Be prepared to present/discuss each of the following questions in class. You should designate group members for each of the subtasks (e.g., task 1 / example 1, task 2 / question 1, etc.) such that everybody is prepared to take a lead on at least one of these subtasks.
Task 1: Heckman selection formula (30min)#
Think of the transformation of the selection equation
that leads to expressing selection in terms of propensity scores. Explain intuitively or formally why assuming normally distributed unobservables \(\eta(0, ω), \eta(1, ω)\)
leads to the Heckman selection model with the inverse Mill’s ratio controlling for selection bias.
Task 2: Graphical representation of selection and outcome equations (70min)#
2.1 Policy-relevant treatment effect (PRTE)#
Assume \(Z\) is an actual policy. Explain the PRTE for moving from \(Z=0\) to \(Z=1\) in the graph.
Hint: You can read the answer almost immediately off the graph.
Now assume there is another policy, denoted by \(Z=2\), which increases treatment take-up to 40%. Calculate the PRTE for moving from \(Z=1\) to \(Z=2\) for both the Heckman and the linear selection models. Explain the difference between the two values. Do you think it is large or small?
Hint: This is the case of an “Additive PRTE”.
Try to find one example each where using the Roy model for such an exercise (observing data on \(Z=0\) and \(Z=1\) with all assumptions on the instrument being fulfilled and extrapolating to \(Z=2\)) seems reasonable and where it seems unreasonable. Explain your reasoning.
2.2 Selection on levels#
Sketch how the average selection bias (see Table 1 in Mogstad et al.) is represented in the graphs when you only observe data with \(P(S=1) = 0.4\) (i.e., forget about \(Z\)).
Calculate it for the two Roy models in the notebook. Explain the difference between the two values. Do you think it is large or small?
2.3 Selection on gains#
Sketch how the average selection on the gain (see Table 1 in Mogstad et al.) is represented in the graphs when you only observe data with \(P(S=1) = 0.4\) (i.e., forget about \(Z\)).
Calculate it for the two Roy models in the notebook. Explain the difference between the two values. Do you think it is large or small?
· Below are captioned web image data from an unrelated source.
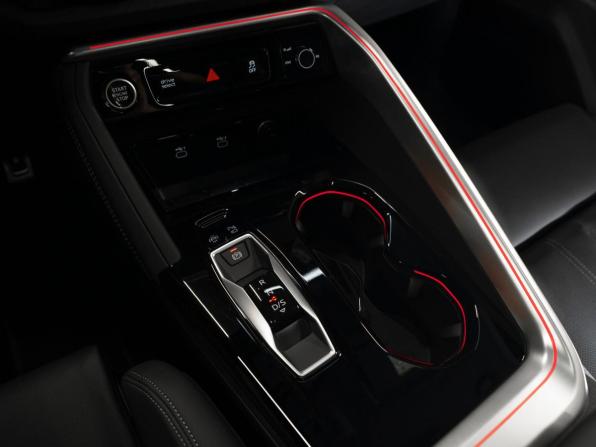 Audi Q5 III с пробегом 2026 года, цена 7 880 000 рублей, 30 км, внедорожник, Автокод Объявления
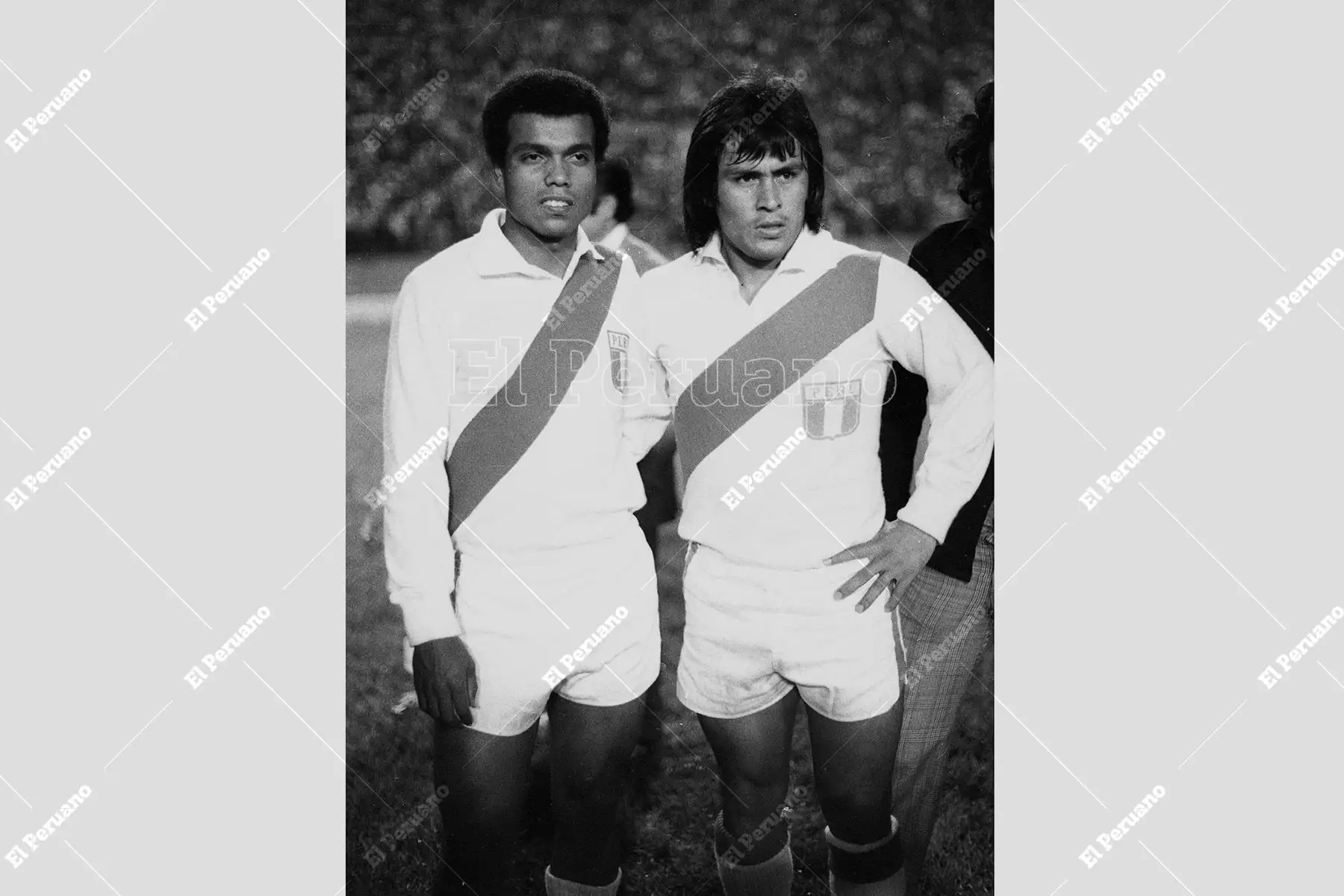 Caracas, Venezuela - 28 octubre 1975 / Teófilo Cubillas y Hugo Sotil, figuras del  seleccionado peruano que hoy  se coronó campeón sudamericano de fútbol y se alzó con la Copa América al vencer en la final a Colombia por 1-0 con gol de Sotil. Foto: Archivo Histórico de El Peruano / Raúl Sagástegui
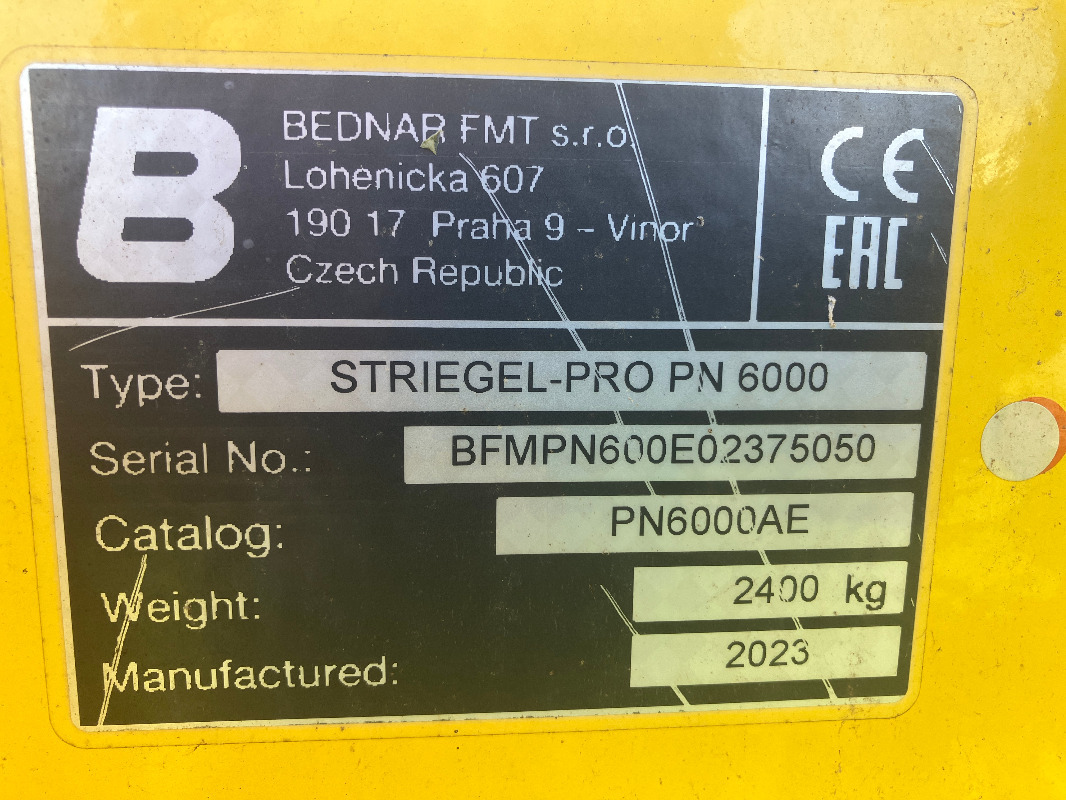 Bednar Striegel-Pro PN 6000 - Műtrágyaszóró gép: 2 kép. Bednar Striegel-Pro PN 6000 - Műtrágyaszóró gép: 2 kép.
Note: You may find it helpful to look at the LaLonde (1986) formulation as written down in the very beginning of Section 7 (Equivalence Failures) of Kline and Walters, which rules out selection on gains.
2.4 An own example#
Come up with an example (binary policy and binary treatment) where you would find the Roy model useful. What would you expect regarding selection on levels and on gains? Add a graph with a parametrisation of the Heckit or the linear function, which would imply this type of selection for some value of the instrument.